GOAL OF THE EXERCISE
Find the line with "İzole geleneksel Asya çizgi film karakteri" in the records below. Output exactly from there until after the line with "Southwire 28828222 50", without pictures.

INFORMATION PROVIDED
====

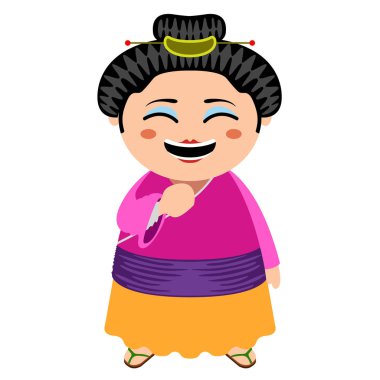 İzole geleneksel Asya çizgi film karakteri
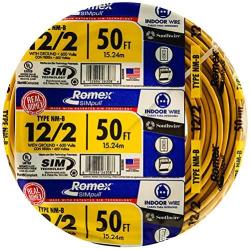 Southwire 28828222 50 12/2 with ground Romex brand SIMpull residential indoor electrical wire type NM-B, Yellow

====

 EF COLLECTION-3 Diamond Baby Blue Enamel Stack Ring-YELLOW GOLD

====

ANSWER BELOW
 İzole geleneksel Asya çizgi film karakteri
 Southwire 28828222 50 12/2 with ground Romex brand SIMpull residential indoor electrical wire type NM-B, Yellow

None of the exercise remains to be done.